Department of Anesthesiology

James W. Ibinson, MD, PhD

  • Assistant Professor

Education & Training

  • The Ohio State University, BS, Chemical Engineering
  • The Ohio State University School of Medicine, MD
  • The Ohio State University, PhD, Biomedical Engineering
  • University of Pittsburgh Department of Anesthesiology, T32 Postdoctoral Research Fellowship

Representative Publications

​Dr. Ibinson's publications can be reviewed through the National Library of Medicine's publication database.

Research, clinical, and/or academic interests

Functional connectivity magnetic resonance imaging (fcMRI) analyzes the co-variation of low frequency (< 0.1 Hz) oscillations in the MRI signal that signal communication between brain regions. These reflect spontaneous neuronal activity and are present at rest, thus allowing the study of chronic neurological states. Dr. Ibinson's lab is now applying fcMRI to two critical issues in anesthesiology: pain and post-operative cognitive dysfunction.

The primary members of Dr. Ibinson's lab include Principal Investigator Jim Ibinson, MD, PhD; Co-investigator Keith Vogt, MD, PhD; and Graduate Student Chris Becker, MA. Mentorship is provided by Howard Aizenstein MD, PhD (Department of Psychiatry and PI of the Geriatric Psychiatry Neuroimaging Lab); Brian Williams, MD; and Ajay Wasan, MD.

Using Functional Connectivity to Differentiate Between Pain and Resting States

In a 2011 report to the Department of Health and Human Services, the Institute of Medicine stated that “relieving pain should be a national priority,” estimating that over 116 million Americans suffer from chronic pain with costs for medical treatment and lost productivity totaling up to $635 billion yearly. The Ibinson Lab believes that a critical step towards the development of effective treatments for both acute and chronic pain is the identification of a biomarker for pain and that fcMRI may be the ideal tool to identify such biomarkers, since pain perception is a psychological phenomenon.

Previously, they identified a connectivity pattern that differentiated an acutely painful state from the non-painful resting state and resulted in abstracts that were awarded “Best of Meeting” at the 2013 International Anesthesia Research Society (IARS) Annual Meeting and “Best of Category” at the 2014 IARS meeting, and the initial development was published in Brain Connectivity.  A second publication is pending that details the correlation between activity in these brain regions with pain level, bringing us closer to their goal of a biomarker. Over the past year, funding was obtained and experiments were conducted to extend this investigation to acute exacerbations of clinically-relevant low back pain. The collection of this data will finish during FY18, with publications to immediately follow.

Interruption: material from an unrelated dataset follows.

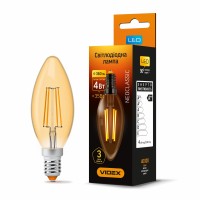 LED лампа VIDEX Filament C37FA 4W E14 2200K бронза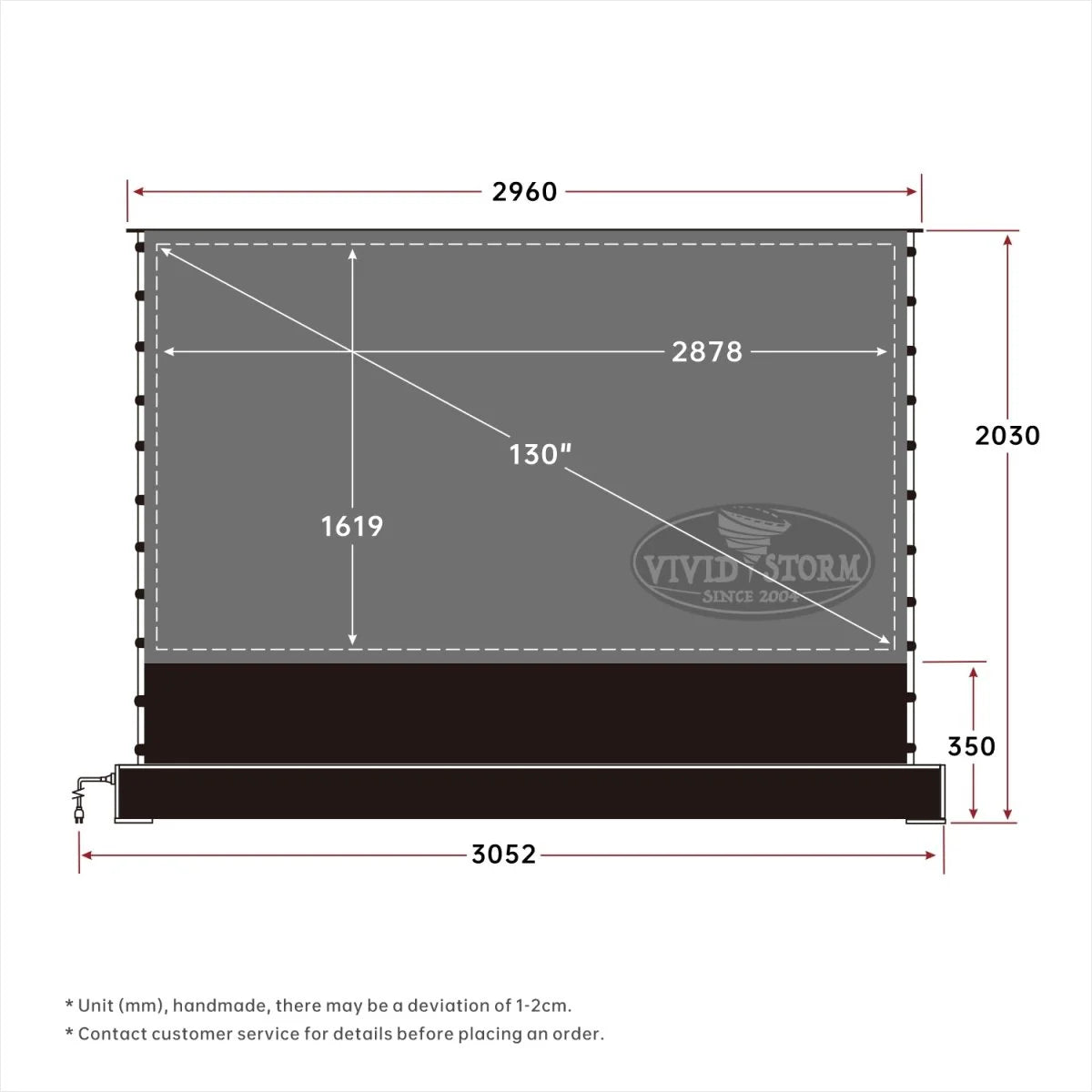 72"-120" VIVIDSTORM S PRO P Motorized 4K HD 3D Floor Rising UST ALR Projector Screen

Quantifying the Neural Correlates of Post-Operative Cognitive Dysfunction and Investigating its Link to Pre-Clinical Alzheimer’s Disease

Post-operative Cognitive Dysfunction (POCD) is a poorly understood complication of surgery and/or anesthesia that results in significant morbidity, especially in the elderly.  Current evidence suggests that the rate of POCD one week post-surgery, regardless of procedure, in patients over the age of 65 ranges from 30-40%. Neither the mechanism nor the key cerebral substrates of POCD have been convincingly determined in humans. This lack of understanding hampers our ability to measure POCD’s effect on cognitive function, monitor its natural time course, and precisely quantify the effects of potential treatments. Interestingly, new research has exposed a potential link between POCD and pre-clinical underlying Alzheimer’s disease (AD). Imaging studies focusing on anatomic changes have shown mixed results, suggesting that studies of brain function are needed to guide POCD research. The current objective of this work is to generate pilot data supporting the hypothesis that functional neuroimaging is able to detect the neural correlates of POCD and quantify the changes in brain function and/or morphology over time.

For this work, the Ibinson Lab will apply their pain fcMRI pipeline to images collected before and after anesthesia. Analysis of the imaging data will focus on using machine learning techniques to integrate clinical data, including age and neuropsychological exam scores with imaging measurements of brain volume, white matter hyperintensities, and fcMRI parameters. Their experience with the use of advanced anesthetic techniques to avoid general anesthesia and presumably reduce neuroinflammation will allow them to eventually test whether POCD improves as a result of avoiding pro-inflammatory inhalational anesthetics and routinely using anti-inflammatory medications such as systemic lidocaine. Competitive pilot funding for this investigation was obtained during the last year, and data collection has begun. The group's beginning investigation into this work also lead to Dr. Ibinson’s invitation to participate as a Visiting Professor in the University of Florida’s Chairman’s Lecture Series, as well as a lecture in the University of Pittsburgh’s Alzheimer Disease Research Center’s Topics at Noon series.